Как давно я не была на море! Ну а мои малыши увидят его первый раз. И это удваивало, утраивало мою радость от предстоящей поездки.

Прошедший год был таким трудным для нас: развод с мужем, размены, переезды, долгих два месяца пребывания в больницах. Словно в отместку мне за революционные преобразования в семье, заболели мы одновременно, втроем. Заболели тяжело - воспалением легких. Два долгих месяца, курсировала моя мама, от одной больницы к другой, от базара к дому, и опять к нам, уже с бульонами, пирогами, фруктовыми компотами и отварами.
- Сглазили, прокляли, - причитала она, имея в виду, конечно, недобрую силу оставленного мной мужа и его родни.
Я же винила во всем только себя и искала пути к спасению моей маленькой семьи, за которую несла теперь единоличную ответственность.
- К морю! Быстрее к морю! - твердила я одержимо.
- Немедленно к морю! Это лучшее средство от всяческих сглазов и порчи! Море смоет весь негатив! – горячо поддерживала меня моя, эзотерическими знаниями подкованная, подруга.

Бросив все: новый, еще не обустроенный дом, работу, собрав все деньги – половину в долг, отправились мы в маленький приморский поселок, где я, совсем девочкой, уже отдыхала однажды.

И, то ли эта установка, то ли мое ожидание чуда и вера в то, что оно непременно произойдет, а может и правда, море снимает весь запас отрицательной энергии, той, что накопилась в наших телах и душах?
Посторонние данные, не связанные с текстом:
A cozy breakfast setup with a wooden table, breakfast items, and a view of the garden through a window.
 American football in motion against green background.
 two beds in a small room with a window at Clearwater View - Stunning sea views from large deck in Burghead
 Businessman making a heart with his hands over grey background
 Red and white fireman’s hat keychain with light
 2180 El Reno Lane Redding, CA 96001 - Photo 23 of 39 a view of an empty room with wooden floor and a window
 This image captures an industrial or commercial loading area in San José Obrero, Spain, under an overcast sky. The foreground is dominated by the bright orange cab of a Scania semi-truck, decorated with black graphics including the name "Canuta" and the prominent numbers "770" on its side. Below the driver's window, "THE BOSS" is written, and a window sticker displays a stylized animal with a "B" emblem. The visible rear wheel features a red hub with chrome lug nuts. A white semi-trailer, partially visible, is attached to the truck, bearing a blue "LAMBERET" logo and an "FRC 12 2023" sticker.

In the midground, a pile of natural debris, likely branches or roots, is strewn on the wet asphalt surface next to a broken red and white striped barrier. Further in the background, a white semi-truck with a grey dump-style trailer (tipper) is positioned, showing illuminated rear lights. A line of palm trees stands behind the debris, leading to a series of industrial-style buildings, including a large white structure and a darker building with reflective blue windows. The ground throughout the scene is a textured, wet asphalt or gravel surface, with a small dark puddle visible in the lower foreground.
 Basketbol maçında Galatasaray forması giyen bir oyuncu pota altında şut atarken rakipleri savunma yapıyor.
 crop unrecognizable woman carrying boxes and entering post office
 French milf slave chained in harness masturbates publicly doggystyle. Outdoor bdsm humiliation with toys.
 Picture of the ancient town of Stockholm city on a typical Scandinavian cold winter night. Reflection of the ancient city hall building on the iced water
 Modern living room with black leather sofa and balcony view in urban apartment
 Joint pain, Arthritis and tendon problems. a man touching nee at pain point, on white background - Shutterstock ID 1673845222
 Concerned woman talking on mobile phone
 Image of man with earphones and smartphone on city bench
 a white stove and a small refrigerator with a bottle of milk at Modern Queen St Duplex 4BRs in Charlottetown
Но, только ступив на Крымскую землю и, вдохнув жаркий, напоенный запахами трав и цветов, влажный и теплый воздух, нам стало легче , на бледных лицах моих детей появился румянец. Чудо свершилось!

Поселок, в котором мы жили, был не большим, размещался, как в чаше, в небольшой, округлой долине. От всех ветров защищали поселок горы, поросшие лавандой и мелким кустарником. И только морю открывал он себя.Ранним утром морской туман заползал в уютную чашу, огромными белыми хлопьями опускался на теплые крыши домов, пробирался в окна белых домиков. Однажды, мы специально встали пораньше и поднялись в горы, чтобы посмотреть, как прячется поселок в белой пелене тумана, сливаясь с морем. Море и небо стали одним, и мы "парили" в этой серовато-голубой бесконечности, и суши осталось совсем немного – только эта небольшая гора, на которой мы стоим.
- Я трогаю небо и море! - закричала дочь, поднимая и опуская руки.
- Нет! Они трогают нас! Мама, а мы не пропадем, как поселок, если туман поднимется? - испуганно спросил сын.
- Глупый, он не пропал, он просто укрылся, ну как ты ночью укрываешься одеялом, - объяснила я малышу, - а утром – сбрасываешь одеяло и встаешь, ведь так? И наш поселок скоро сбросит свое одеяло , как только проснется солнышко!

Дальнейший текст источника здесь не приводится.